Stimulus package details
A summary of the travel-relevant provisions in the stimulus package and how they compare with U.S. Travel’s recommendations include:
- $377 billion in loans and loan forgiveness for small travel businesses: The bill provides small travel businesses (500 employees or less), self-employed individuals, and 501(c)(3) nonprofits with enhanced and expedited Small Business Administration (SBA) loans, which will be made available quickly through community banks. Loan recipients can receive tax-free forgiveness on a portion of the loan, equal to eight weeks of payroll and other expenses.
- U.S. Travel advocated for at least $300 billion in enhanced SBA loans, with increased loan limits, broader eligibility, no collateral requirements, and loan forgiveness, all of which were included in the CARES Act.
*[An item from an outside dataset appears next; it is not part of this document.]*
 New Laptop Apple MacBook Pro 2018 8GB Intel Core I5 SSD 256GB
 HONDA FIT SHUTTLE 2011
- $454 billion in federally backed financial assistance for impacted businesses: The bill provides $454 billion through the Treasury Department and Federal Reserve to assist impacted travel businesses and governmental entities through secured loans, loan guarantees and other financial measures. The broad eligibility under this program ensures any impacted organizations can access a liquidity lifeline to keep workers employed and stay afloat through the worst months of this crisis.
- U.S. Travel’s platform called for a $250 billion Travel Workforce Stabilization Fund through the Treasury Department to provide grants ($150 billion) and loans ($100 billion) for impacted travel-dependent businesses. U.S. Travel advocated to increase the aggregate loan amount and eligibility of the loan fund in the CARES Act.
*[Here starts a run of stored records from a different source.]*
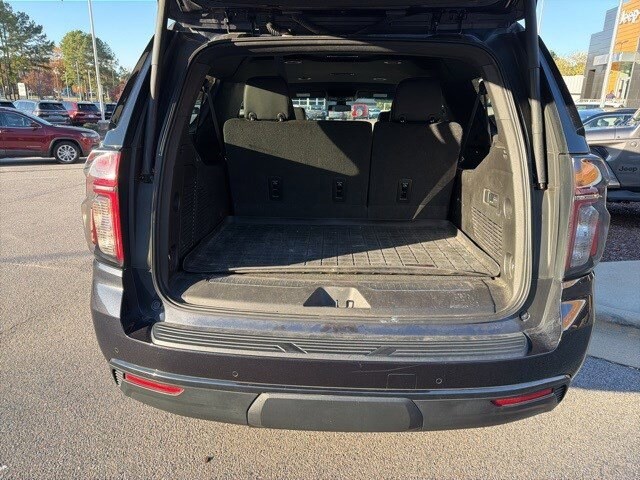 2022 Chevrolet Suburban RST photo 3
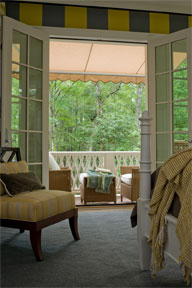 <b>Coordinating Home Décor Inside and Out</b>
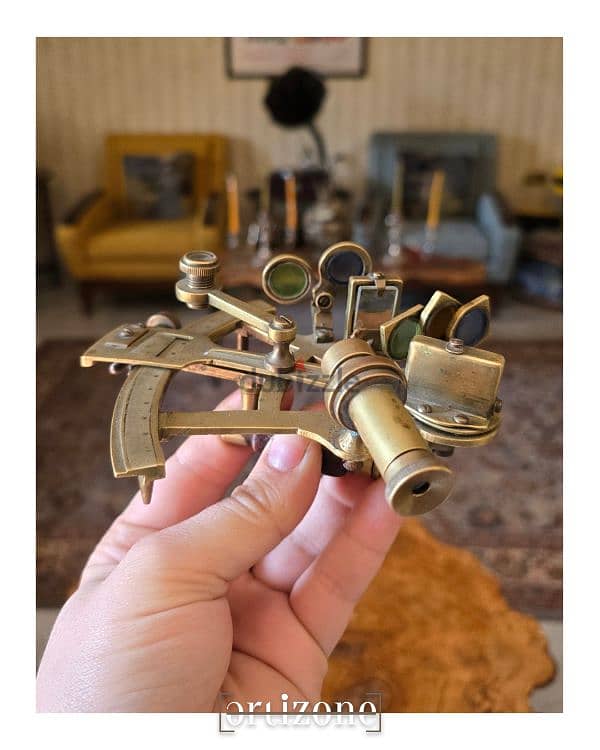 Antique Brass Sextant انتيك بحري 0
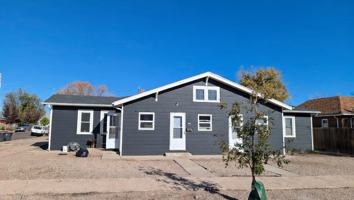 featured image of 400 E 9th St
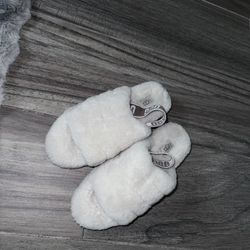 UGG Fluff Yeah Slide 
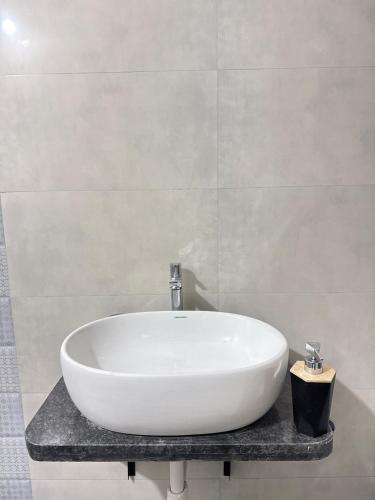 Ένα μπάνιο στο Aura Prime Stays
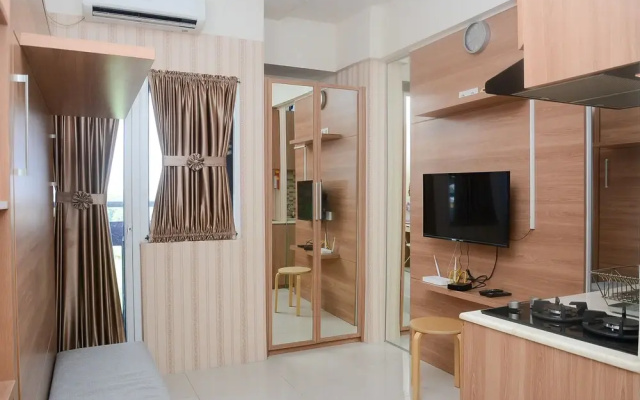 Functional Studio Green Pramuka Apartment near Shopping Center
- Tax relief to mitigate losses and allow businesses to use cash to pay employees and keep the lights on: The bill allows affected businesses to temporarily defer tax liability, access an Employee Retention Tax Credit, delay or eliminate estimated quarterly tax payments and filings deadlines, and allow for a carryback of the Net Operating Loss (NOL) Deduction.
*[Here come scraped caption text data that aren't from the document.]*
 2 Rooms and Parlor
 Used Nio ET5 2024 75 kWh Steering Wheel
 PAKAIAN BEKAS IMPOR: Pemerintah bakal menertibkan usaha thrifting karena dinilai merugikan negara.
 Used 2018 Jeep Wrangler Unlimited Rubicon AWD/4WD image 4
- U.S. Travel’s platform included these tax proposals and advocated for them to be included in the bill.
- Grants for impacted tourism businesses and airports: The bill provides $10 billion in airport grants to support vital operations and provides $6.5 billion in Community Development and Economic Development Administration grants for economic injuries caused by COVID-19, including the tourism industry.
- U.S. Travel advocated for $10 billion in airport grants and more than $1 billion in Community Development grants to support impacted tourism businesses.
“Travel businesses, 83% of which are small businesses, help supply 15.8 million U.S. jobs, almost six million of which could disappear in the next five weeks. The stakes are huge for the country’s economic health both now and in the future, and we urge our leaders to continue to take bold actions to protect the economy of our country,” said Dow.
Although the American Hotel & Lodging Association (AHLA) applauded the stimulus package, it pointed out the SBA loans limits will not allow hoteliers to meet payroll and debt service obligations, resulting in likely continuation of furloughing of hotel workers.
“The legislation limits an SBA loan to 250% of average monthly payroll. This limit will not allow a business owner to meet both payroll and debt service obligations beyond an estimated 4 to 8 weeks. Consequently, it will result in furloughing the very workers the bill seeks to protect. Since the measure reduces debt forgiveness with any reduction in payroll, hoteliers would be forced to use the entire loan amount on payroll, at the expense of debt service. The harsh reality is that travel restrictions and mandated business closures remain in place. The outlook for the foreseeable future is zero revenue for most hotels. If a hotelier cannot make debt payments the business will go under and the jobs are lost,” says Chip Rogers, AHLA president and CEO. “COVID-19 has been especially devastating for the hotel industry. Every day, more hotels are closing, and more employees are out of a job. We urge the House to swiftly take up this legislation, while making these important changes. The hospitality industry stands ready and able to do whatever we can to make it through this unprecedented crisis, while building a foundation for a stronger tomorrow.